This Kilthub upload is a clone of the github repository where this project may be updated or corrected in the future: https://github.com/pfenninglab/custom_ArchR_genomes_and_annotations

Premise: Not all of single-cell ATAC-seq biomedical molecular epigenetics is done in human and mouse genomes where there are high quality genomes and gene annotations. For the other species that are still highly relevant to study health and disease, here are some ArchR annotations to enable less frustration to have snATAC-seq data analyzed with ArchR.

Strategy for better gene annotations: We can use the proper that evolution of related mammalian species tend to have orthologous gene elements (TSS, exons, genes). For example, house mouse (mus musculus) is a median of 15.4MY diverged from the Norway rat (rattus norvegicus), with TimeTree. Humans are a median of 28.9 MY diverged from rhesus macaques. To borrow the higher quality and more complete gene annotations, we can use a gene-aware method of lifting gene annotations from one genome to another, liftoff, Shumate and Salzberg, 2021. For the source of "high quality" gene annotation, we use the NCBI Refseq annotations from the hg38/GRCh38 and mm10/GRCm38 annotations downloaded from the UCSC Genome browser.

For single cell RNA-seq, He, Kleyman et al. 2021 Current Biology (https://pubmed.ncbi.nlm.nih.gov/34727523/) found that using a regular liftOver of the human NCBI Refseq to rheMac10 was able to recover higher number of UMI counts to genes. This is likely due to incomplete annotations in either rheMac8 or rheMac10 genomes for the 3' UTRs that are usually targeted by common single cell/nucleus RNA-seq technologies. This allow more reads that would otherwise be found "outside" a gene because of incomplete 3' UTRs in a target species to be appropriately attributed to that gene using the orthologs of that gene from a more complete annotation in a related species. Furthermore, the complex splicing is better measured in humans, so more "intergenic" annotations by the rheMac10 annotations became "intronic" and better able to be mapped to a liftOvered annotation from human. For this reason, we create alternate annotations for the rhesus macaque, marmoset, and rat genomes borrowing orthology as identified with the newer liftoff method from more complete human or mouse annotations.
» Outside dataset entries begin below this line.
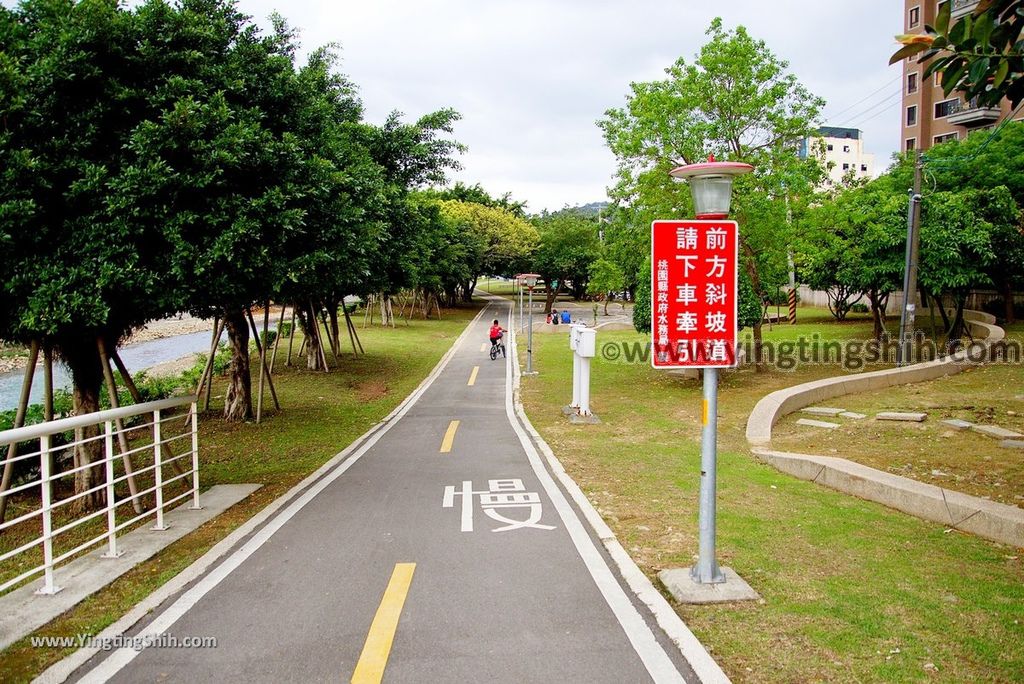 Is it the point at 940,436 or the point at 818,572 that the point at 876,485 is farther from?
the point at 940,436

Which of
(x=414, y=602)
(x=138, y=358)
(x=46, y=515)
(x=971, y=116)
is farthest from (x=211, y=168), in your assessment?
(x=971, y=116)

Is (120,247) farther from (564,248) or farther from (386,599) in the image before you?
(564,248)

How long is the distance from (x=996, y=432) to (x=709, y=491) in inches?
328

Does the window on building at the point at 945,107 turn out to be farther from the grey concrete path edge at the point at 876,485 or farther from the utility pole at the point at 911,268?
the grey concrete path edge at the point at 876,485

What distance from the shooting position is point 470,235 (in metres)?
54.3

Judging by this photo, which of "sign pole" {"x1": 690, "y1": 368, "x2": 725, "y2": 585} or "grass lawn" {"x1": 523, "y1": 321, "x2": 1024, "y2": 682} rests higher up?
"sign pole" {"x1": 690, "y1": 368, "x2": 725, "y2": 585}

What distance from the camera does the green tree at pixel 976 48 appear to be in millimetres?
4613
Similarly, for single cell ATAC-seq seq, a more complete map of genes and transcription start sites (TSS) enable aggregate metrics like a "gene score" to better calculate gene-based measures to perform co-clustering with single cell RNA-seq dataset. A more complete annotation would be able to accurately discern single cell open chromatin regions and not falsely report exonic regions or alternate promoters that were missed from primary transcriptomic data in monkey, marmoset, or rat but can be bioinformatically inferred.

Lastly, work by the ENCODE Consortium has found with the large human and mouse epigenomic data that certain regions of the genome in these species have artifactual signals and need to be excluded from epigenomic analsyes, Amemiya et al., 2021. These regions were pulled from and human and mouse from here and used the liftOver to map to the target genomes below, for simplicity.
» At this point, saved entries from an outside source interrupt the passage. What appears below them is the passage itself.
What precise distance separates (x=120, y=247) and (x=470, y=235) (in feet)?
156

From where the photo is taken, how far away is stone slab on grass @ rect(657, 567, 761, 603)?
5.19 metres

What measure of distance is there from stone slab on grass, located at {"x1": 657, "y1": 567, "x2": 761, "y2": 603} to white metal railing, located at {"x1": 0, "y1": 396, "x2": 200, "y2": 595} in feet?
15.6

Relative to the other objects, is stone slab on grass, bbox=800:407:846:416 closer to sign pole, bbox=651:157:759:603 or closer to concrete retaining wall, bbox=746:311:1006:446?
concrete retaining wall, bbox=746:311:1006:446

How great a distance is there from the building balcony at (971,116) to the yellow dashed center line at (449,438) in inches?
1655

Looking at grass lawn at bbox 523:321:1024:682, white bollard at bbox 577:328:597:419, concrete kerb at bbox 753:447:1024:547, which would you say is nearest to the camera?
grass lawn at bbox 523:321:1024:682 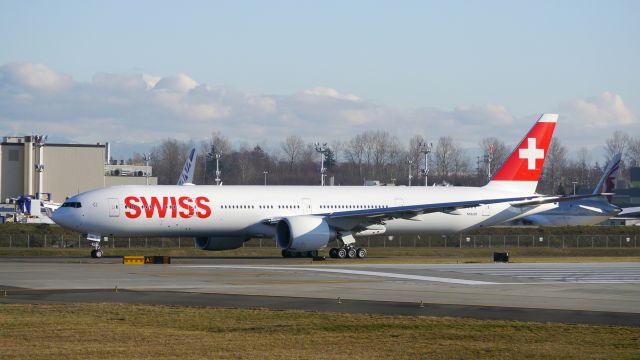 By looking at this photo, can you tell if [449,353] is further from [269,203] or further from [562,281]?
[269,203]

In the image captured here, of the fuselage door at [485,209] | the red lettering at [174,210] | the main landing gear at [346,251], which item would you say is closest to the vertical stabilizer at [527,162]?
the fuselage door at [485,209]

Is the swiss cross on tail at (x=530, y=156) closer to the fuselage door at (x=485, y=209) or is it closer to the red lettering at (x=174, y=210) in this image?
the fuselage door at (x=485, y=209)

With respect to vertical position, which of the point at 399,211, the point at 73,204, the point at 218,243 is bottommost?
the point at 218,243

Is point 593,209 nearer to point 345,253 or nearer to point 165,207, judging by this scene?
point 345,253

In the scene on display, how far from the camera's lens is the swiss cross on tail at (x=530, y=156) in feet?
189

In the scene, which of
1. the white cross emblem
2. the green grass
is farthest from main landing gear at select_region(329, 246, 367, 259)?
the green grass

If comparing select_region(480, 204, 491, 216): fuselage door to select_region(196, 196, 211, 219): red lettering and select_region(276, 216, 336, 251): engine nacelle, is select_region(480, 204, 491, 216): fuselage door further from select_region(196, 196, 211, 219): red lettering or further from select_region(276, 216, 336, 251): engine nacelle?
select_region(196, 196, 211, 219): red lettering

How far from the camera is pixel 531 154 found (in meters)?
57.9

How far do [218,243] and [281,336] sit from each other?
35.5 metres

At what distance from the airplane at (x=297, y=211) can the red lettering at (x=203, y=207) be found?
0.05 m

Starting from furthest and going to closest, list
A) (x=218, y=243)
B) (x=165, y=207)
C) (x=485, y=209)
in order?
(x=485, y=209), (x=218, y=243), (x=165, y=207)

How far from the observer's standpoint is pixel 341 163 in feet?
604

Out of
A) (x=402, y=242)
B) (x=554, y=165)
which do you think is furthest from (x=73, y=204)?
(x=554, y=165)

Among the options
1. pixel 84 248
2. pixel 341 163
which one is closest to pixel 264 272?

list of resources by file name Surprisingly, all these files are small enough to put on github for a couple custom genomes. Below are the organizations - *.gtf.gz and *.gff3.gz: the gzipped annotation from the higher quality annotations to the target genome using liftoff - *liftOver*blacklist.v2.bed: the ENCODE regions to exclude from epigenomic analyses mapped to the target genome using liftOver - *ArchRGenome.R: the Rscript used to make the custom ArchR annotations - *ArchR_annotations.rda: the R Data object that contains the geneAnnotation and objects to use with ArchR::createArrowFiles()
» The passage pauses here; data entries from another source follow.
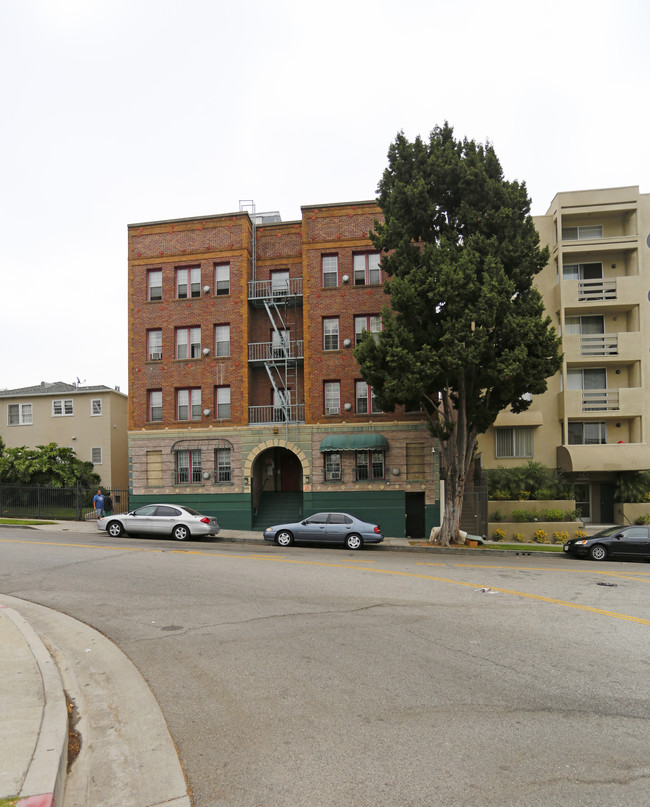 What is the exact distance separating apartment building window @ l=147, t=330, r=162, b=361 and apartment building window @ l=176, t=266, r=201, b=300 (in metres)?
2.12

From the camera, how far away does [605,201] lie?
98.6 feet

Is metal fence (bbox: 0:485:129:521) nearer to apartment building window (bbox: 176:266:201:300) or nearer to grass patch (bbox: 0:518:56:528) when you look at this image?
grass patch (bbox: 0:518:56:528)

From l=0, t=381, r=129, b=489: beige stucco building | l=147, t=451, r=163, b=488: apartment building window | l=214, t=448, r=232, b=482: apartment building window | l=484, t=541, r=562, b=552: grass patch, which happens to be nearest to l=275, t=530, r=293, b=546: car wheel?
l=214, t=448, r=232, b=482: apartment building window

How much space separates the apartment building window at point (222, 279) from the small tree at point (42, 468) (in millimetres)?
12502

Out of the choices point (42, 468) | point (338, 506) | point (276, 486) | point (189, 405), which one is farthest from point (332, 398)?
point (42, 468)

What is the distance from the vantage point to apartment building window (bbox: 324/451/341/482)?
27.8m

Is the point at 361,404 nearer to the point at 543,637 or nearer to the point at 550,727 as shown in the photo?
the point at 543,637

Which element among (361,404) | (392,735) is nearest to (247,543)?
(361,404)

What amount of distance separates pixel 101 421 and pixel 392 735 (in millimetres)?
33434

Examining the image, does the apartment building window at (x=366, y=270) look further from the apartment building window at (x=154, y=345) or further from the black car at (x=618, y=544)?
the black car at (x=618, y=544)

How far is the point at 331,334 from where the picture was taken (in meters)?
28.3

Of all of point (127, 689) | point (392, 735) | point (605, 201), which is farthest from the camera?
point (605, 201)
list of species/genomes/source files For most of these files, the genome fasta sequences were grabbed from the UCSC Genome Browser at https://hgdownload.soe.ucsc.edu/goldenPath/${GENOME_VERSION}/, where ${GENOME_VERSION} is any of the version below except mCalJac1. Some of these genomes were updated from the Vertebrate Genome Project, which seeks to create complete rather than draft genome assemblies of all mammals on the planet, Rhie et al. 2021. These genomes have VGP and that naming version if there's an alternate naming scheme. The VGP is pretty cool and they make good genome assemblies.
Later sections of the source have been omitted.